Following the common practice in the art of semantic segmentation [14, 20], we report the results using three evaluating metrics, namely the overall accuracy indicating the proportion of correctly classified pixels, and the mean accuracy for the proportion of correctly classified pixels averaged over all the classes. Finally, we report the mean intersection over union (IoU) which indicates the area of the overlap between the predicted and ground truth pixels, averaged over all the classes. We further report the results with respect to the raw segmentations and polygonized (P) instances, i.e. after the post-processing step. We take a different approach to [13] for model evaluation as we believe the problem of floorplan parsing is very close to the problem of semantic segmentation.

We report the performance with respect to described metrics in Table 3. According to the results, the raw segmentation test scores are clearly better than the ones based on polygonized segmentation instances. The main reason is that if wall or icon junctions are missed or are not correctly located the polygons can not be created regardless the quality of the segmentation.
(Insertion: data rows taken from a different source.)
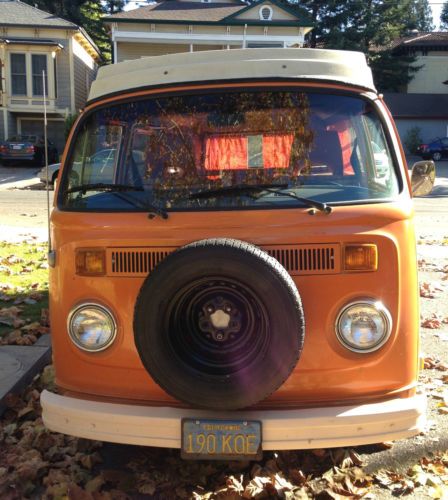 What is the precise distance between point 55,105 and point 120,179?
30.5 meters

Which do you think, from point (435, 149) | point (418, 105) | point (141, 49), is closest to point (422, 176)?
point (141, 49)

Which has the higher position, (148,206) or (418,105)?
(418,105)

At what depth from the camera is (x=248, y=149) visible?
3473 millimetres

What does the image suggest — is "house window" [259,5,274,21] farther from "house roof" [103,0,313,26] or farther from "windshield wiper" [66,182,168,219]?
"windshield wiper" [66,182,168,219]

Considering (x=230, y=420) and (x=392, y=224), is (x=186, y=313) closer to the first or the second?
(x=230, y=420)

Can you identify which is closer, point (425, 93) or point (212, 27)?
point (212, 27)

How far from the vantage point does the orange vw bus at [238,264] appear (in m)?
2.86

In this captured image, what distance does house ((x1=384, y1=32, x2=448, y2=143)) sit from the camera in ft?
137

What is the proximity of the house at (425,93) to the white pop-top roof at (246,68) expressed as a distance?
3987cm

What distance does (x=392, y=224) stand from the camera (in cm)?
308

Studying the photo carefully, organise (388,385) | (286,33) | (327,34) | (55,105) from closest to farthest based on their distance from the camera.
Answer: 1. (388,385)
2. (286,33)
3. (55,105)
4. (327,34)

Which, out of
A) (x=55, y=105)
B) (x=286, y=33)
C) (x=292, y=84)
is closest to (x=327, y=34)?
(x=286, y=33)

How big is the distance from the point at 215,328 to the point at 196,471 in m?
1.07

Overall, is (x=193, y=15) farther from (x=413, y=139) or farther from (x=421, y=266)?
(x=421, y=266) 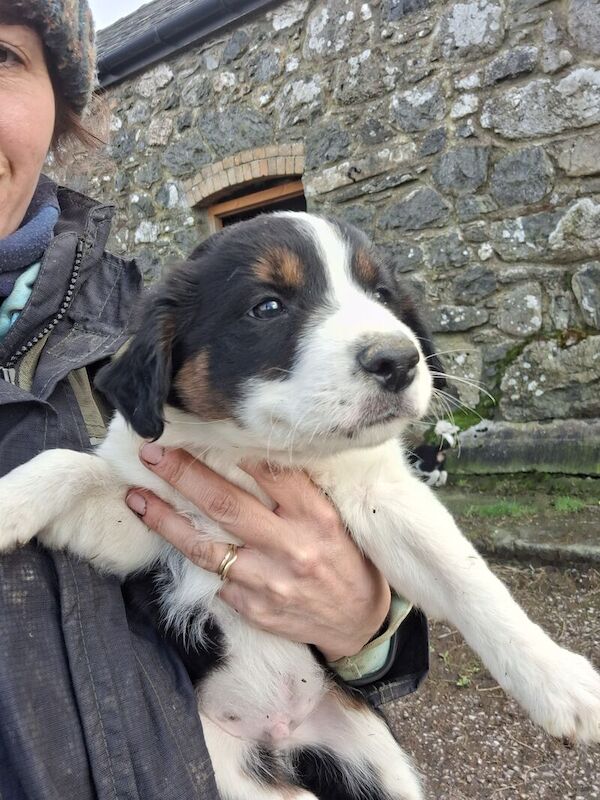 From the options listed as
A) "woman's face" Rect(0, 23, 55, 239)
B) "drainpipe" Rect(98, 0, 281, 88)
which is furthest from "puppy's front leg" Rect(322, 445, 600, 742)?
"drainpipe" Rect(98, 0, 281, 88)

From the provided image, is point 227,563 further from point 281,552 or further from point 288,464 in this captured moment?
point 288,464

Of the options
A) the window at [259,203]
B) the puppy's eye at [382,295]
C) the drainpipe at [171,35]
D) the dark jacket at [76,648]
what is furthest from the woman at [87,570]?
the drainpipe at [171,35]

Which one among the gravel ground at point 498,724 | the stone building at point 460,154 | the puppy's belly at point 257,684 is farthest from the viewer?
the stone building at point 460,154

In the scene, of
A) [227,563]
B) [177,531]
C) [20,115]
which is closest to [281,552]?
[227,563]

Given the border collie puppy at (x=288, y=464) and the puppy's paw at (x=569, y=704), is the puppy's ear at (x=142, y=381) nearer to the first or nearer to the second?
the border collie puppy at (x=288, y=464)

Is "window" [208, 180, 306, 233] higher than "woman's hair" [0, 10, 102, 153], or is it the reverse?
"woman's hair" [0, 10, 102, 153]

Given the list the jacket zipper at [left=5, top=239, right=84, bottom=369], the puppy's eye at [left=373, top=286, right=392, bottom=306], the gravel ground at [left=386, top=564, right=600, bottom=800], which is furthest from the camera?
the gravel ground at [left=386, top=564, right=600, bottom=800]

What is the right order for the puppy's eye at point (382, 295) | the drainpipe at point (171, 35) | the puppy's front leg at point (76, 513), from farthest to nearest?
the drainpipe at point (171, 35) → the puppy's eye at point (382, 295) → the puppy's front leg at point (76, 513)

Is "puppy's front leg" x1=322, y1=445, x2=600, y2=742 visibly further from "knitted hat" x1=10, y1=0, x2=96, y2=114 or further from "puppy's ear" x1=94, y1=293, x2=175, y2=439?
"knitted hat" x1=10, y1=0, x2=96, y2=114
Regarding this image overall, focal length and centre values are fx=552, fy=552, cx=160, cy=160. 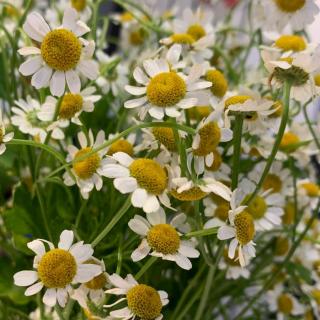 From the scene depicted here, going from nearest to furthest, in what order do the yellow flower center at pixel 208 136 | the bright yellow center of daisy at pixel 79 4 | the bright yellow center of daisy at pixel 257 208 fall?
the yellow flower center at pixel 208 136, the bright yellow center of daisy at pixel 257 208, the bright yellow center of daisy at pixel 79 4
In Table 4, we further report the class-specific IoUs and accuracies with respect to all room and icon classes used in this study. Figure 1 illustrates an example result from our pipeline.

Table 3. Evaluation results of the CubiCasa5K dataset.
Table 4. Class-specific results on the CubiCasa5K dataset.

6 Conclusions

In this paper, we have proposed a novel floorplan image dataset called CubiCasa5K. Compared to other existing annotated floorplan datasets, our dataset is over 5\(\times \) larger and more varied in its annotations which cover over 80 floorplan object categories. Together with the novel dataset, we provided baseline results using an improved multi-task convolutional neural network yielding state-of-the-art performance.

For future directions, we plan to integrate the object detector used in [6] as one of the tasks into our pipeline. It would be also of interest to try the method of [1] to directly infer floorplan elements as polygons.